The syntax for testing instances (isinstance) is different from the syntax for testing subtypes (issubclass). Therefore, the average Python user would anticipate that the syntax for declaring instances (:) is different from the syntax for declaring subtypes (?). But unfortunately, PEP 695 proposes using the : operator for both purposes.

Reason #3: The : symbol already has 5 different meanings

In today’s Python, the : symbol is already used in 5 different places:

  • Introducing a nested block
  • Dictionary literal
  • Slicing
  • Type annotation
  • Part of the walrus operator (:=)

PEP 695 extends : with yet another meaning.

For learners, this will likely be a source of confusion.

For experts, this will potentially increase the cognitive overhead of reading function signatures.
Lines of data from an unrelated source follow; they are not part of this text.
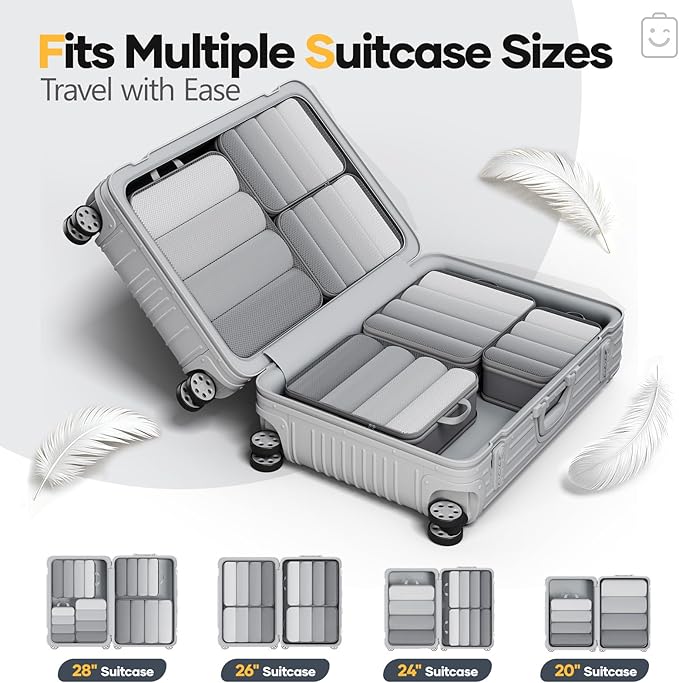 Veken 6/9/11 Set Compression Packing Cubes for Travel Essentials,Compressible Expandable Large Luggage Suitcase Organizer Bag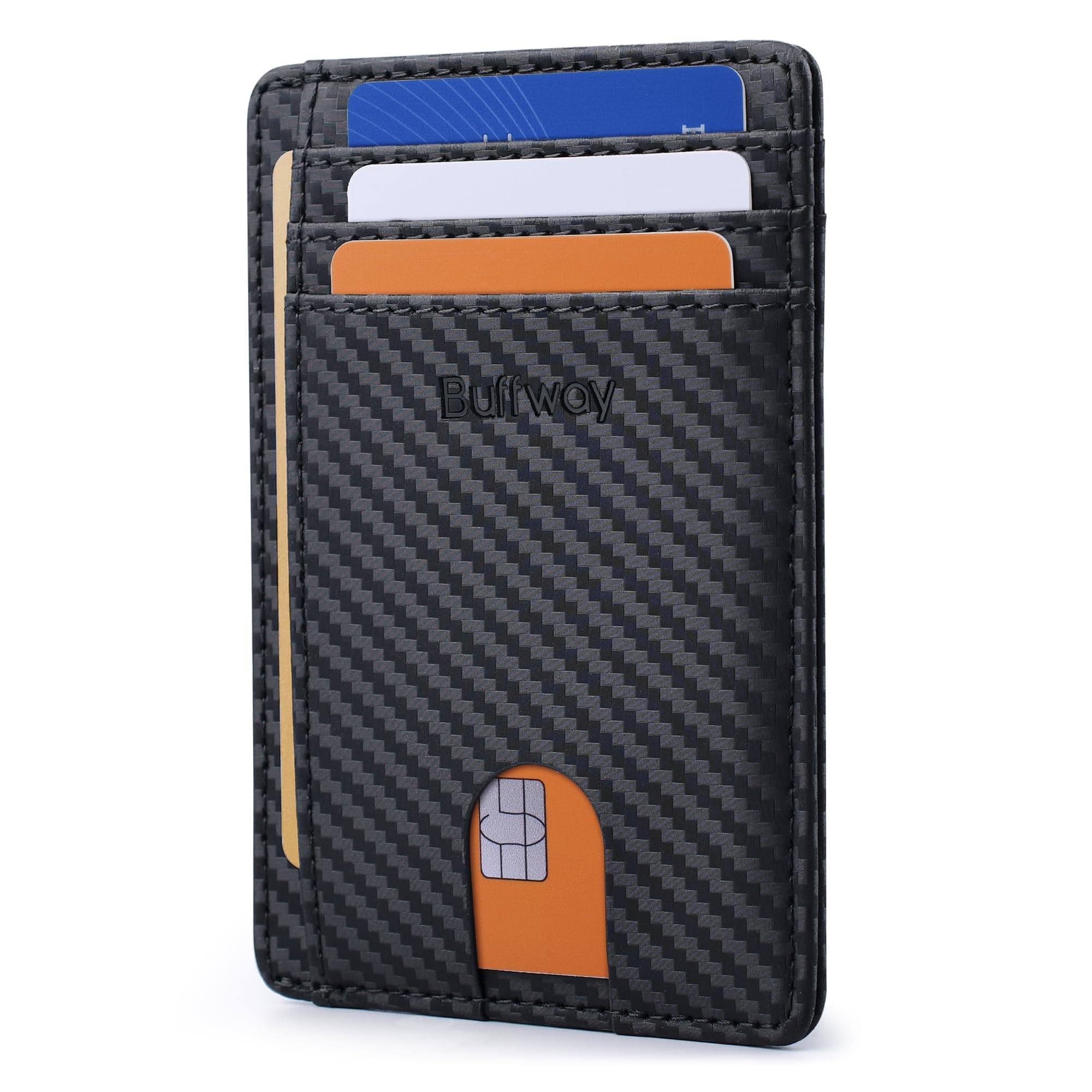 Buffway Slim Minimalist Front Pocket RFID Blocking Leather Wallets for Men and Women - Carbon Fiber Black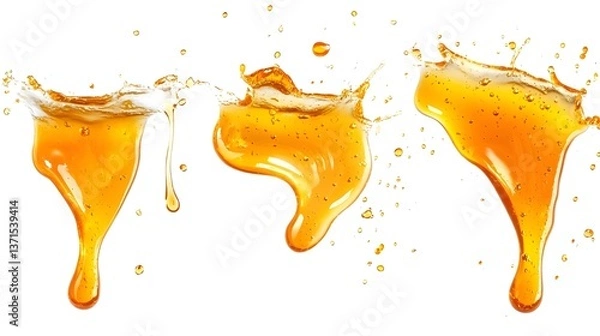Fototapeta Set_of_honey_spills_isolated_on_white_viewed_from_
For example, consider the signature:

fn foo[T: int](x: int, y: T, z: T):

In this single line of code, the : symbol has three distinct meanings:

  • Subtype annotation
  • Type annotation
  • Introducing a nested block

Proposed solution

These problems can be avoided by choosing a different operator. I don’t care too much which operator is chosen, however, it would probably be the most sensible to include the < character as part of the operator, since this appears to be the only ASCII character that is strongly associated with a subset/superset relationship.
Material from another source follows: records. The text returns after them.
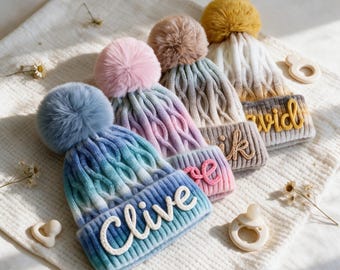 Custom Name Knit Beanie, Handmade Colorful Winter Hat, Personalized Beanie for Kids & Adults, 10 Years and Up
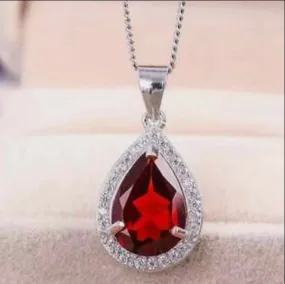 Elegant 2.00ctw Created Ruby and White Sapphire Teardrop Solitaire Pendant In Sterling Silver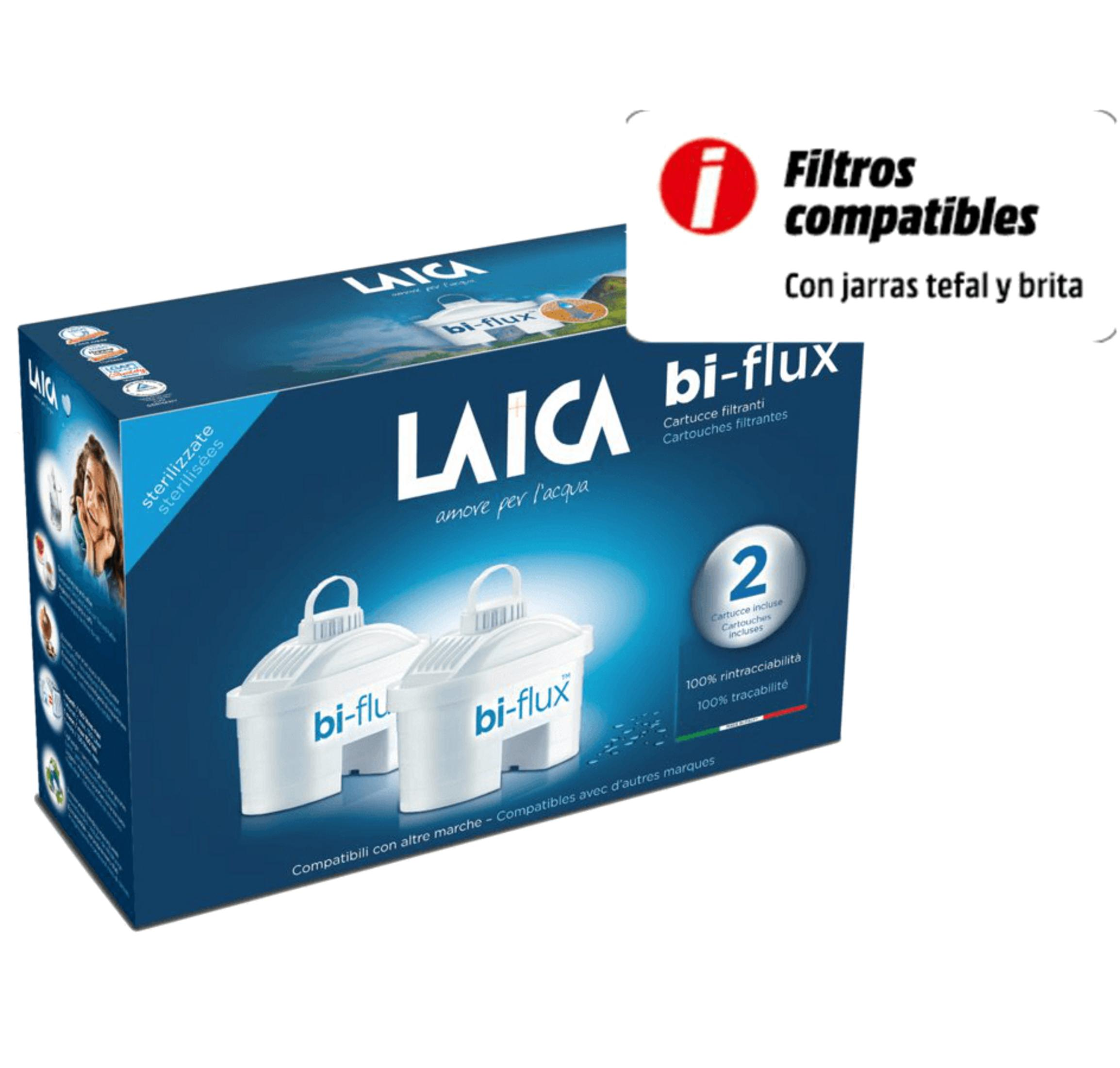 Confezione filtro acqua LAICA bi-flux con due filtri bianchi e dettagli del prodotto.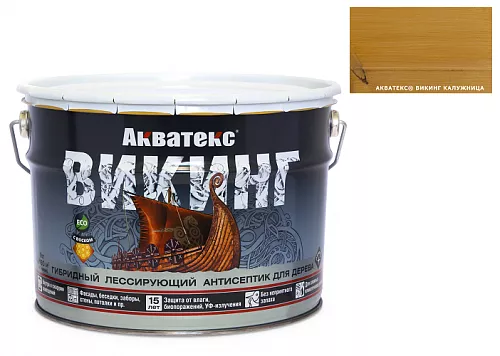 Акватекс ВИКИНГ (гибридный антисептик для дерева) 9 л (калужница) на сайте Стройсервис
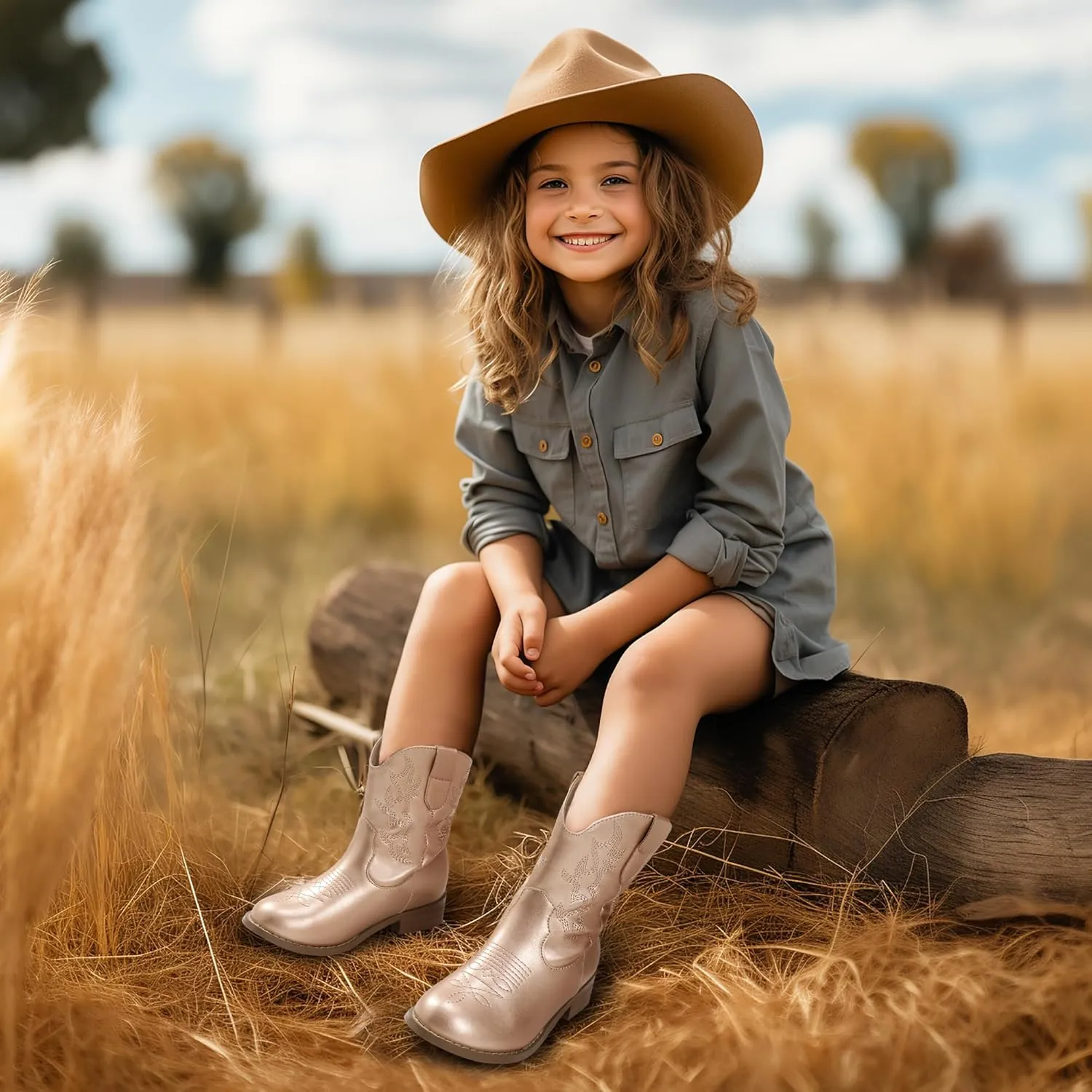PANDANINJIA Girls Toddler Cowgirl Boots Riding Round Toe Western Blue Calf High 12 Months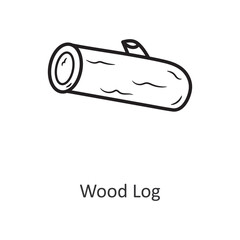 Wood log Vector outline Icon Design illustration. Travel Symbol on White background EPS 10 File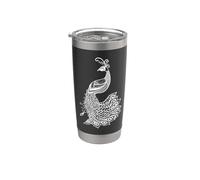 Cute Womens Girls Beautiful Mandala Art Bird Peacock Lover Vaso térmico de acero inoxidable de doble pared
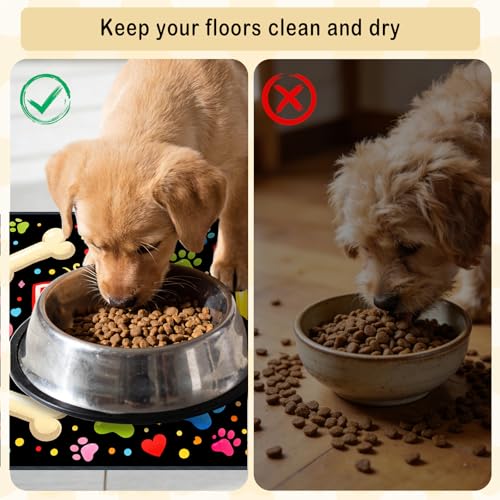 Nuxovilar Pet Food Mat Dog Supplies Vibrant Love-Themed Polyester (23.62×17.71 inches) Bowl Water Spill Pad Feeding Gear for Kitchen, Pet Station, Dining Area - color: TT17786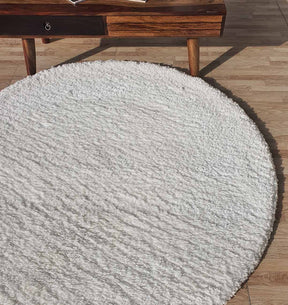 Round Soft White Shaggy Rug 120 CM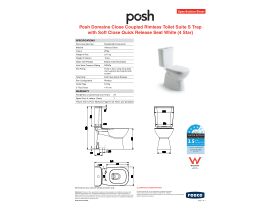 Specification Sheet - Posh Domaine Close Coupled Rimless Toilet Suite S Trap Soft Close Quick Release Seat White Chrome (4 Star)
Hence, I would suggest considering one of the following operators:

  • <:
  • <

The first of these is already the de-facto standard for a subtype relation. It is used in Scala and Julia. The notation makes a lot of sense:

  • < means “sub”
  • : means “type”

This operator was also proposed by others earlier in this thread, and in the prior thread on PEP 695.

What about T: (int, str) syntax?

PEP 695 also proposes using the : syntax to specify that a type variable must be instantiated with a type drawn from a set. The syntax is:
class Foo[T: (int, str)]:

If we were to introduce the <: symbol (or something similar) to mean “subtype”, we would need a different symbol to express the above relationship, because it is not a subtyping relationship.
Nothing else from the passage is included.